## What the exercise asks
Copy out the full listing that comes next, exactly.

## Information shown
▬▬▬▬▬▬▬▬▬▬
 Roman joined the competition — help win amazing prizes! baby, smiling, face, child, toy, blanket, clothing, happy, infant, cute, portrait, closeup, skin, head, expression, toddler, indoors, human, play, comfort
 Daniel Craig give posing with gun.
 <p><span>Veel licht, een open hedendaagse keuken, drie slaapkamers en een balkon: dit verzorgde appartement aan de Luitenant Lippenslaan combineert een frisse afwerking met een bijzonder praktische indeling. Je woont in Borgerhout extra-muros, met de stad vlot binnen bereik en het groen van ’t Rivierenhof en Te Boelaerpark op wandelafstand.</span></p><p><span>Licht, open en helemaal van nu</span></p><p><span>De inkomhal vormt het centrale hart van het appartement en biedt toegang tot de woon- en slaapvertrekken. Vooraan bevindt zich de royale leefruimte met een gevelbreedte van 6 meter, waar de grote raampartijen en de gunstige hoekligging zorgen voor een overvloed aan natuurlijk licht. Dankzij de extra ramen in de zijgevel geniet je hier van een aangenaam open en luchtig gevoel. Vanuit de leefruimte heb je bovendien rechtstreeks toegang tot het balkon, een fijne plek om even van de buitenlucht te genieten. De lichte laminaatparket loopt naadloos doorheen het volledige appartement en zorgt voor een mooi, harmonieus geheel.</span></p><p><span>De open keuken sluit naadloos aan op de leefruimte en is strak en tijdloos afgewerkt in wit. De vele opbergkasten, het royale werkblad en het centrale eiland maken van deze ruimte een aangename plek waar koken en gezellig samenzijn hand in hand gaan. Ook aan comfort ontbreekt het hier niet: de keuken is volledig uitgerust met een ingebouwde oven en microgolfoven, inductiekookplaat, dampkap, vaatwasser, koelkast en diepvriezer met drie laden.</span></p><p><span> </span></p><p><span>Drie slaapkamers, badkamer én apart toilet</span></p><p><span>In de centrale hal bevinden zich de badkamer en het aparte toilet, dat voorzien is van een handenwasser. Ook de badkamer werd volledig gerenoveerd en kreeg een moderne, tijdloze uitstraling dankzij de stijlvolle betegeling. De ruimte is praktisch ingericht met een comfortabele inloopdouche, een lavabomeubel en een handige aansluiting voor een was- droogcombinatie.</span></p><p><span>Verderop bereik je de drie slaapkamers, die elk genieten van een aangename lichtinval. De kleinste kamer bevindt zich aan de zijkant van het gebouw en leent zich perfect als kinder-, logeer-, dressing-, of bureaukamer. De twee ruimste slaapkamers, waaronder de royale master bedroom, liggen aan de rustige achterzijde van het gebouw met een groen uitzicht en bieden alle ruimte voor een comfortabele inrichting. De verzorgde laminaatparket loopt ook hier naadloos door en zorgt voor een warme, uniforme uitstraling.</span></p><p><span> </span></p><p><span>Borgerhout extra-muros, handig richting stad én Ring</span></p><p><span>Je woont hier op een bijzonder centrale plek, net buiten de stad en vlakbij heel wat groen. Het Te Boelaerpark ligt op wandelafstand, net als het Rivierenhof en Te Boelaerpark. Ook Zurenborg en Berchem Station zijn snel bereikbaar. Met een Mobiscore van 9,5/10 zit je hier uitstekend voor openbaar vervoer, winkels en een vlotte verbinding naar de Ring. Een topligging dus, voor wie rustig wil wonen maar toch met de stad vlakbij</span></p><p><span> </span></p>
▬▬▬▬▬▬▬▬▬▬
## Response to this task
 Roman joined the competition — help win amazing prizes! baby, smiling, face, child, toy, blanket, clothing, happy, infant, cute, portrait, closeup, skin, head, expression, toddler, indoors, human, play, comfort
 Daniel Craig give posing with gun.
 <p><span>Veel licht, een open hedendaagse keuken, drie slaapkamers en een balkon: dit verzorgde appartement aan de Luitenant Lippenslaan combineert een frisse afwerking met een bijzonder praktische indeling. Je woont in Borgerhout extra-muros, met de stad vlot binnen bereik en het groen van ’t Rivierenhof en Te Boelaerpark op wandelafstand.</span></p><p><span>Licht, open en helemaal van nu</span></p><p><span>De inkomhal vormt het centrale hart van het appartement en biedt toegang tot de woon- en slaapvertrekken. Vooraan bevindt zich de royale leefruimte met een gevelbreedte van 6 meter, waar de grote raampartijen en de gunstige hoekligging zorgen voor een overvloed aan natuurlijk licht. Dankzij de extra ramen in de zijgevel geniet je hier van een aangenaam open en luchtig gevoel. Vanuit de leefruimte heb je bovendien rechtstreeks toegang tot het balkon, een fijne plek om even van de buitenlucht te genieten. De lichte laminaatparket loopt naadloos doorheen het volledige appartement en zorgt voor een mooi, harmonieus geheel.</span></p><p><span>De open keuken sluit naadloos aan op de leefruimte en is strak en tijdloos afgewerkt in wit. De vele opbergkasten, het royale werkblad en het centrale eiland maken van deze ruimte een aangename plek waar koken en gezellig samenzijn hand in hand gaan. Ook aan comfort ontbreekt het hier niet: de keuken is volledig uitgerust met een ingebouwde oven en microgolfoven, inductiekookplaat, dampkap, vaatwasser, koelkast en diepvriezer met drie laden.</span></p><p><span> </span></p><p><span>Drie slaapkamers, badkamer én apart toilet</span></p><p><span>In de centrale hal bevinden zich de badkamer en het aparte toilet, dat voorzien is van een handenwasser. Ook de badkamer werd volledig gerenoveerd en kreeg een moderne, tijdloze uitstraling dankzij de stijlvolle betegeling. De ruimte is praktisch ingericht met een comfortabele inloopdouche, een lavabomeubel en een handige aansluiting voor een was- droogcombinatie.</span></p><p><span>Verderop bereik je de drie slaapkamers, die elk genieten van een aangename lichtinval. De kleinste kamer bevindt zich aan de zijkant van het gebouw en leent zich perfect als kinder-, logeer-, dressing-, of bureaukamer. De twee ruimste slaapkamers, waaronder de royale master bedroom, liggen aan de rustige achterzijde van het gebouw met een groen uitzicht en bieden alle ruimte voor een comfortabele inrichting. De verzorgde laminaatparket loopt ook hier naadloos door en zorgt voor een warme, uniforme uitstraling.</span></p><p><span> </span></p><p><span>Borgerhout extra-muros, handig richting stad én Ring</span></p><p><span>Je woont hier op een bijzonder centrale plek, net buiten de stad en vlakbij heel wat groen. Het Te Boelaerpark ligt op wandelafstand, net als het Rivierenhof en Te Boelaerpark. Ook Zurenborg en Berchem Station zijn snel bereikbaar. Met een Mobiscore van 9,5/10 zit je hier uitstekend voor openbaar vervoer, winkels en een vlotte verbinding naar de Ring. Een topligging dus, voor wie rustig wil wonen maar toch met de stad vlakbij</span></p><p><span> </span></p>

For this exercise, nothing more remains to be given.